• [Your goal]:
Nothing but the lines from the first line of the material below through the line that holds "Bota de cuero" should be set down, exactly and with pictures left out.

• [Material shown]:
*** Begin section ***

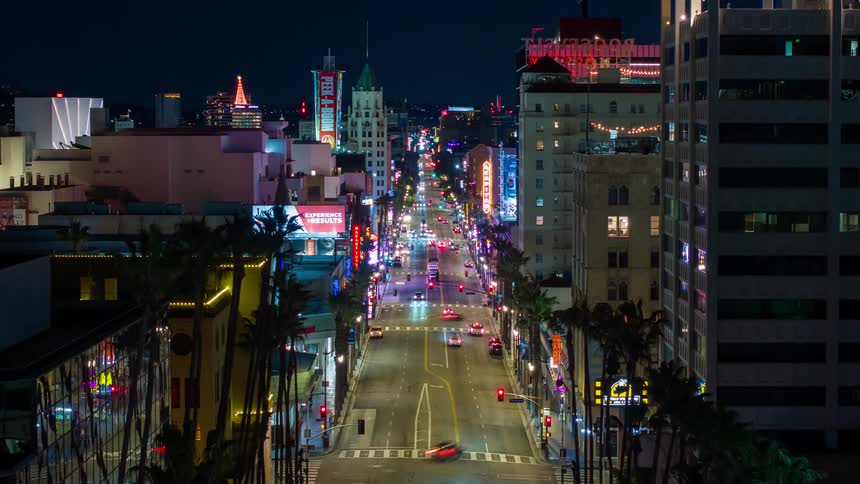 Lights glow on Los Angeles buildings as traffic moves on Hollywood Boulevard at night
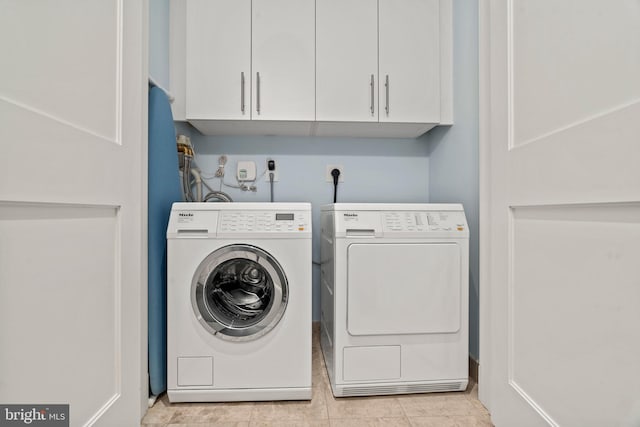 laundry area with cabinets, light tile patterned floors, and washing machine and clothes dryer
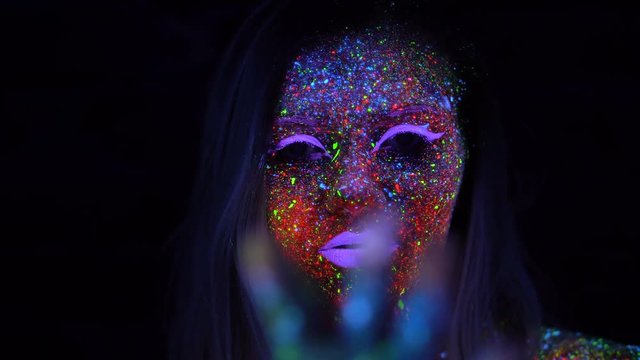 Portrait of Beautiful Fashion Woman in Neon UV Light. Model Girl with Fluorescent Creative Psychedelic MakeUp, Art Design of Female Disco Dancer Model in UV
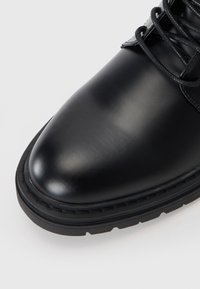 Bota de cuero negro con un acabado suave, punta redonda, suela de goma resistente y cordones con ojales de metal.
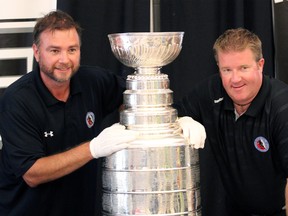 Howie Borrow, left, and Mike Bolt are two of the four keepers of the Stanley Cup and both were the trophy's guardians Sunday July 27, 2014 when Woodstonian Jake Muzzin had his day with the NHL's top prize. The two of them have a gruelling schedule throughout the summer to ensure every member of the Los Angeles Kings organization gets their moment with the Stanley Cup.

GREG COLGAN/QMI Agency/Sentinel-Review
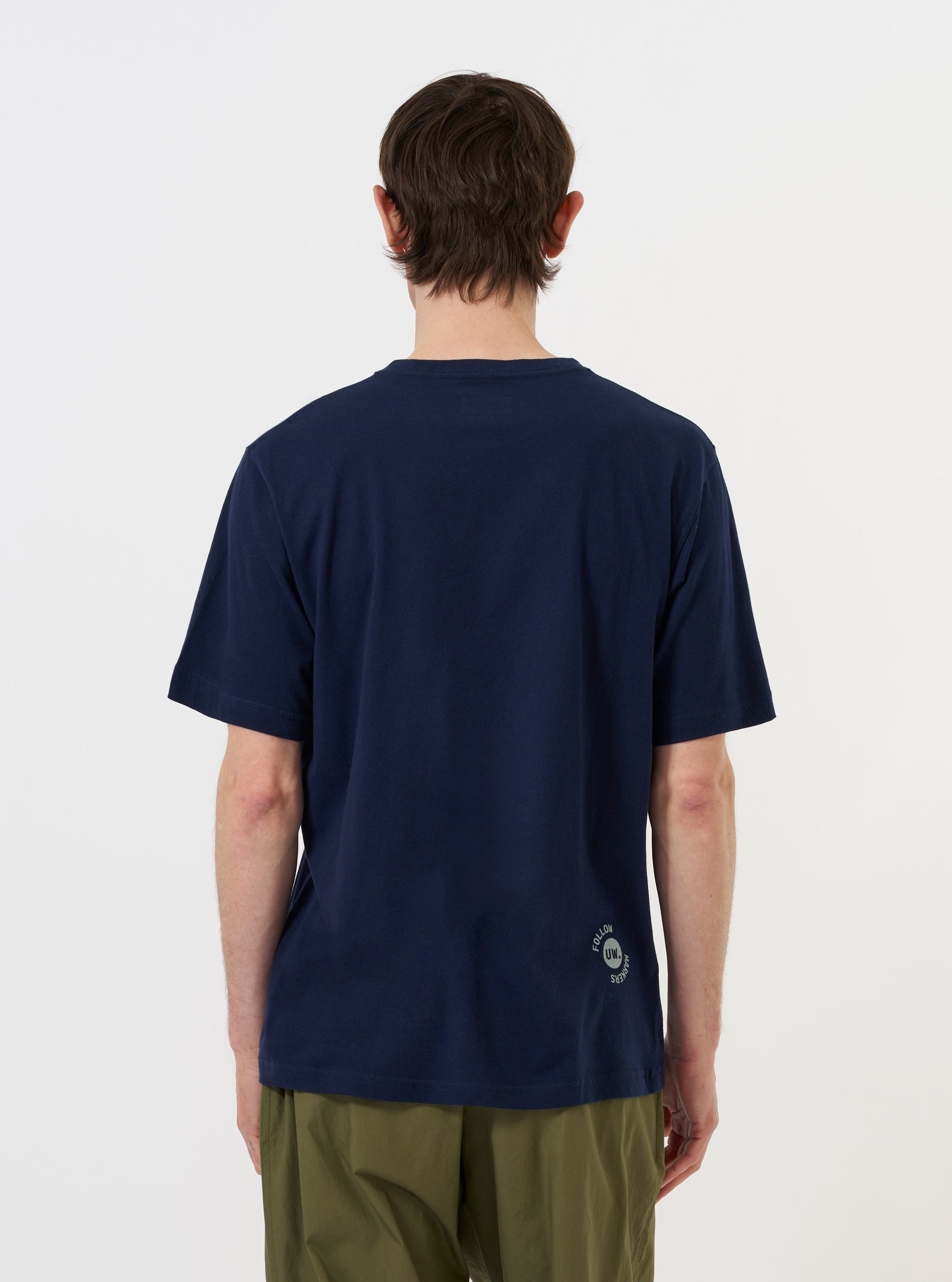 A model is shown from the back wearing the Navy Single Jersey Trail Trail To Hotel Delux Tee against a plain white background. The navy blue t-shirt features a relaxed fit, short sleeves, and a clean, straight hem. No other garments or accessories are visible.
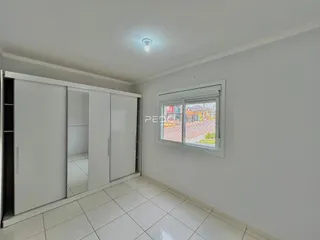 Vista interna de um corredor com piso de cerâmica branca.
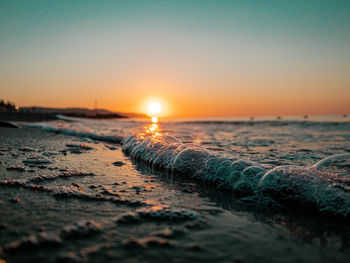 Scenic view of sea against clear sky during sunset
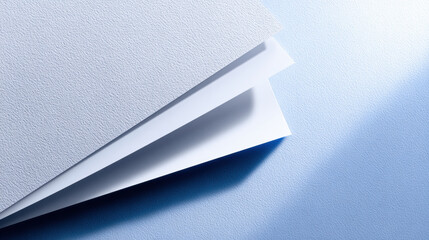 Paper airplane casting soft shadow on textured blue surface, minimal light and calm mood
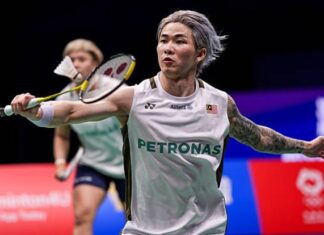 Chen Tang Jie and Toh Ee Wei showcasing strong teamwork and focus against the top-seeded Chinese pair. (Photo: AFP)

*** End section ***

• [Answer to the exercise]:
 Lights glow on Los Angeles buildings as traffic moves on Hollywood Boulevard at night
 laundry area with cabinets, light tile patterned floors, and washing machine and clothes dryer
 Portrait of Beautiful Fashion Woman in Neon UV Light. Model Girl with Fluorescent Creative Psychedelic MakeUp, Art Design of Female Disco Dancer Model in UV
 Bota de cuero negro con un acabado suave, punta redonda, suela de goma resistente y cordones con ojales de metal.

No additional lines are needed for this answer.